**Task goal:** Every line below must be reproduced exactly; no pictures are to be included.

----------

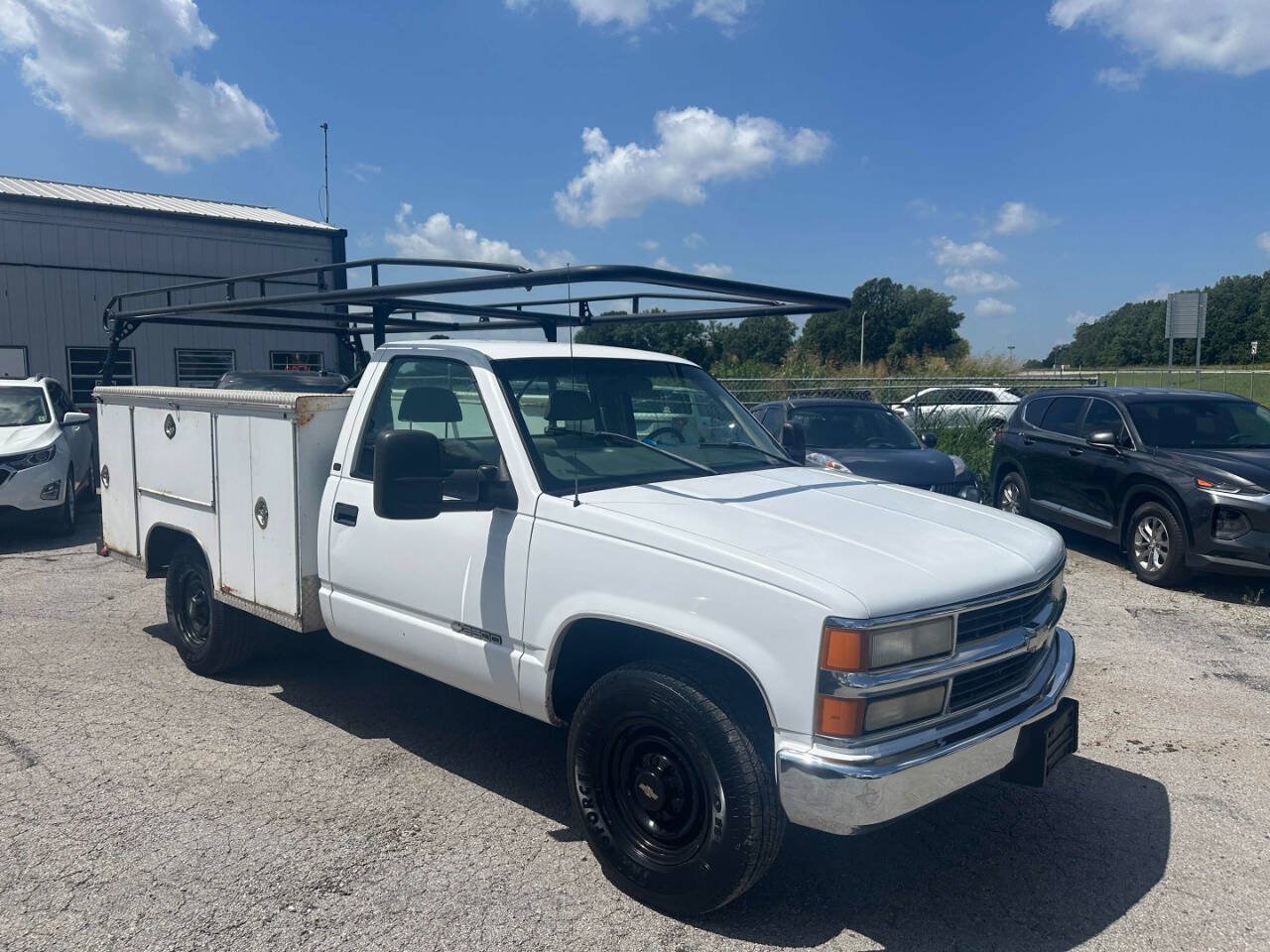 Used 1998 Chevrolet Silverado 3500 2WD Regular Cab w/ Comfort & Convenience Pkg image 3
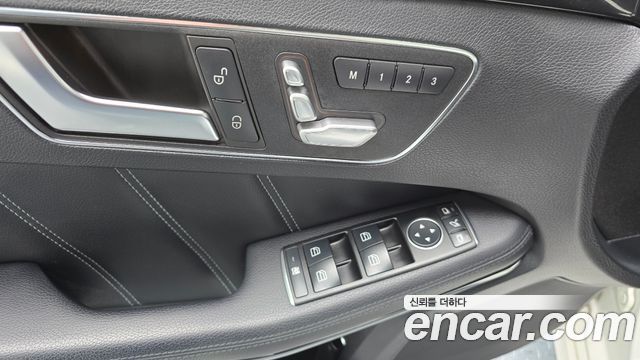 Mercedes-Benz E-Class 2014 — photo 14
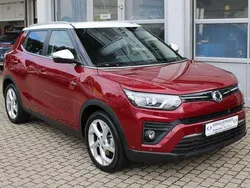 Cherry red m Gebraucht 2023 Ssangyong Tivoli | 18.900 € (Superpreis)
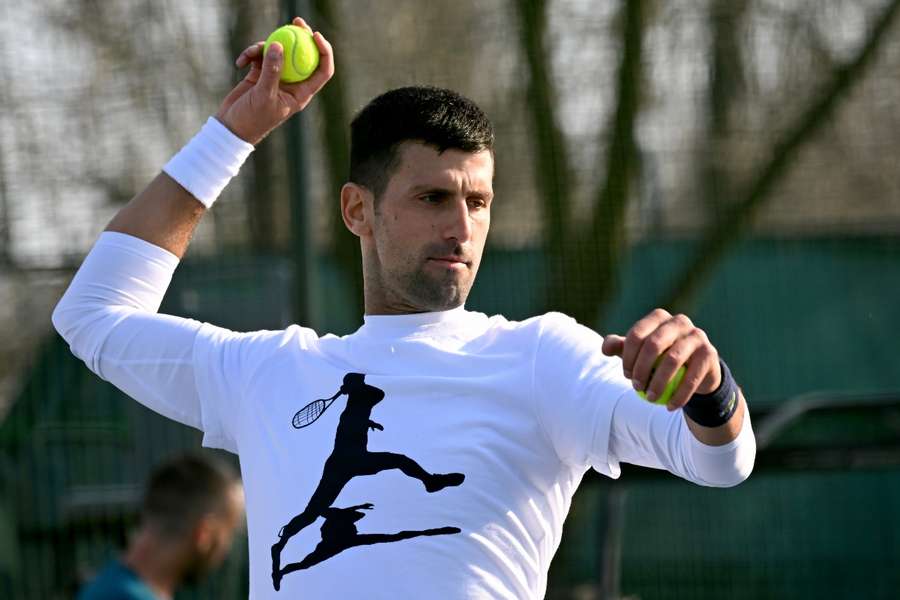 Djokovic se siente "casi al 100%" y jugará el torneo de Dubái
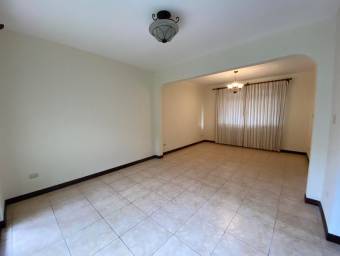 Se vende casa estilo colonial en San Francisco de Heredia 22-148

----------

**Output of the task:**
 Used 1998 Chevrolet Silverado 3500 2WD Regular Cab w/ Comfort & Convenience Pkg image 3
 Mercedes-Benz E-Class 2014 — photo 14
 Cherry red m Gebraucht 2023 Ssangyong Tivoli | 18.900 € (Superpreis)
 Djokovic se siente "casi al 100%" y jugará el torneo de Dubái
 Se vende casa estilo colonial en San Francisco de Heredia 22-148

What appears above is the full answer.